MSM India (c) Jenny Matthews/Alliance

A new report launched this World AIDS Day warns that punitive legal environments are seriously increasing people’s risk of getting HIV

Enabling legal environments for effective HIV responses was launched at the first World AIDS Day Commonwealth HIV & Human Rights Lecture in London yesterday (30 November), given by Chief Justice Ajit Prakash Shah who overturned Section 377, a 150-year old British law banning gay sex between consenting adults in Delhi, India.

Hosted by Cherie Booth QC and attended by an audience of senior lawyers and diplomats, the lecture was organised by the International HIV/AIDS Alliance and the Commonwealth HIV & AIDS Action Group and hosted by the Commonwealth Foundation.

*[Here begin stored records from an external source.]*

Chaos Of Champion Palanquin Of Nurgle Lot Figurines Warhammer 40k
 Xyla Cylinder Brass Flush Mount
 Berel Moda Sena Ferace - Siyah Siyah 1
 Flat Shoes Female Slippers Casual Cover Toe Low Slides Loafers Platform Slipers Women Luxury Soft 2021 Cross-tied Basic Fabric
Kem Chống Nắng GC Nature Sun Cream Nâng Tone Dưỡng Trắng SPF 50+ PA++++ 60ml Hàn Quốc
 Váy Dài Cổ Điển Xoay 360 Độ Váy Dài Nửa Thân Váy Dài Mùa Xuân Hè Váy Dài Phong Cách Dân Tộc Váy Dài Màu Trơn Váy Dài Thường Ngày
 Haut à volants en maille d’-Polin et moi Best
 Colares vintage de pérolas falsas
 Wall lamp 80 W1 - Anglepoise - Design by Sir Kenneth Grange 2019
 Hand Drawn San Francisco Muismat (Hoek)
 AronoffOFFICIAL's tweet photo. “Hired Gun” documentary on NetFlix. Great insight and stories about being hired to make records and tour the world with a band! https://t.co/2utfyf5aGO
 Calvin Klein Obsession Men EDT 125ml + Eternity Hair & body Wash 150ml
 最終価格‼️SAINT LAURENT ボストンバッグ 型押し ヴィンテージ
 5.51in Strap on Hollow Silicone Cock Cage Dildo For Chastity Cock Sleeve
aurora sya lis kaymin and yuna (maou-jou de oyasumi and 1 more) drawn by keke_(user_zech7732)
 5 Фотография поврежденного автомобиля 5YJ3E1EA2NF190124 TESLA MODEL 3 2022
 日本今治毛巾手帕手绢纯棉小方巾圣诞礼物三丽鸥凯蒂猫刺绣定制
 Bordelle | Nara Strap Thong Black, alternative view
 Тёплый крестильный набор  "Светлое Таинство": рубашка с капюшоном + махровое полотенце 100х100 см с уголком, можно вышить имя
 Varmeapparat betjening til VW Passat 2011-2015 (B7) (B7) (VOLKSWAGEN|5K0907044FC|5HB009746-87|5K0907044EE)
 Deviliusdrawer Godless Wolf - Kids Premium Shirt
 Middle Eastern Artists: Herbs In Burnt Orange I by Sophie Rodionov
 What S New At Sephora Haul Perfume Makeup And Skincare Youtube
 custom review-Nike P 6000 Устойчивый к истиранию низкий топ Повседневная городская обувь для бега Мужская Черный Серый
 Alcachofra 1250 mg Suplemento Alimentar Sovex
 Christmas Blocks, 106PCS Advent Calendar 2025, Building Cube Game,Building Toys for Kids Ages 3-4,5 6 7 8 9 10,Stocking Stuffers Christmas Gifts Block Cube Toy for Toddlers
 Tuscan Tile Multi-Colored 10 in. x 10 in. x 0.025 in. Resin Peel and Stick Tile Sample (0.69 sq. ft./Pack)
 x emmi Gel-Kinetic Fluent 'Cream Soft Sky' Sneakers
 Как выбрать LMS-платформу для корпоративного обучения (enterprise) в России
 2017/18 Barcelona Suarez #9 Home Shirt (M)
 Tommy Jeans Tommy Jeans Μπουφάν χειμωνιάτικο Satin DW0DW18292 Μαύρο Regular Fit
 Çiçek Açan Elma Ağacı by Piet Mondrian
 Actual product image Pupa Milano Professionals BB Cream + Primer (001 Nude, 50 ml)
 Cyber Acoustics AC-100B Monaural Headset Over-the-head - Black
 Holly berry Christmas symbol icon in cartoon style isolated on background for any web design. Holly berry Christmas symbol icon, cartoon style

HIV and AIDS is a major issue in many Commonwealth countries which have inherited outdated British laws. At least 20 African countries have introduced HIV specific offences since 2000.

“We see the problem that punitive laws and enforcement practices can cause for people who need quick and easy access to HIV treatment, care and prevention. Governments and the legal profession need to work more closely with the affected communities to address these laws and access legal services,” said Alvaro Bermejo, Executive Director of the Alliance.

Judging environments

Women and girls, men who have sex with men, sex workers and injecting drug users as well as people who are living with HIV struggle to access the services they need because of environments where they feel judged or punished.

Cherie Booth, QC commented: “The legal profession has an important role to play in providing an environment where people can come forward and be tested for HIV and cared for.”

Justice Shah created shockwaves around the world when he decriminalised homosexuality in Delhi: “Indian society is very conservative but from the evidence presented I could see that without changing the legal framework to help men who have sex with men access good healthcare and HIV prevention services we would not successfully be able to deal with the epidemic in our country.”

Over 60% of people living with HIV live in Commonwealth countries. “The Commonwealth Foundation is committed to doing all it can to help people access HIV prevention, treatment and care. This Commonwealth lecture on World AIDS Day will help more countries become familiar with the example of India, which has identified the benefits of starting to decriminalise homosexuality and abolish laws that drive HIV and AIDS underground,” said Mark Collins, Director of the Commonwealth Foundation.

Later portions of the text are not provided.